Ground Broken on Long-Delayed Sino-Thai Rail Project
After years of delays, ground was broken on the China-Thailand railway project Thursday afternoon in the central Thai province of Nakhon Ratchasima.
The 253-kilometer (157-mile) railway starting in Bangkok and ending in Nakhon Ratchasima, is part of a mega-project that will connect the Thai capital with the southwestern Chinese province of Yunnan via Laos.
The line between the Lao capital Vientiane and the Yunnan provincial capital of Kunming, which is under construction, is set to open in 2022.
Thai Prime Minister Prayut Chan-o-cha, who attended the groundbreaking ceremony, said that the project is in line with the Belt and Road initiative and will bring development opportunities to areas along the railway, according to China’s state-run Xinhua News Agency.
On the same day, Chinese Prime Minister Li Keqiang said in a congratulatory letter that the railway is a flagship project in the spirit of “wide consultation, joint construction and shared benefits,” Xinhua reported.
The two countries struck a deal to jointly construct the railway in 2013. But the rail-for-rice plan — in which Thailand would partly pay for the project with the foodstuff — soon derailed after then-Thai Prime Minister Yingluck Shinawatra stepped down in 2014 following charges of abuse of power, a move that was swiftly followed by a coup d’etat led by then army commander Prayut.
Discussion of the project resumed in 2015. The two sides held at least 22 meetings and rumors repeatedly surfaced about the start of construction, but a final agreement proved elusive due to financing issues the Thai government found the loan that China offered came with an unacceptably high interest rate.
In 2016, Thailand announced it would pay for the railway itself, rather than borrowing from China. In August 2017, the Chinese Embassy in Thailand said in a statement that negotiations over the contract for the Bangkok-Nakhon Ratchasima line had finished.

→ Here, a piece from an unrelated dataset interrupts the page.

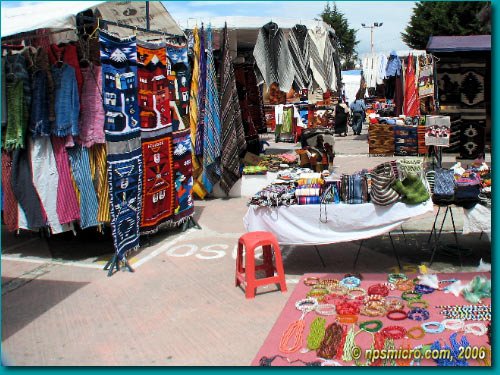 Province de Imbabura (2006)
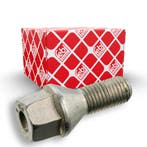 20x Wielbout, Wielschroef Opel, Fiat, Suzuki M12 x 1,5 OP..., Auto-onderdelen, Ophalen of Verzenden, Nieuw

Thailand will be responsible for the construction of the project and will use as much domestically made equipment and raw materials as possible, while China — which will focus on design and supervision — will employ many Thai engineers and architects, according to the embassy’s statement.
“China … will provide necessary high-speed rail technology to the Thai side,” the statement said.
The details of how the project was funded were not disclosed.
This story has been corrected to fix a map that misrepresented the location of the railway line.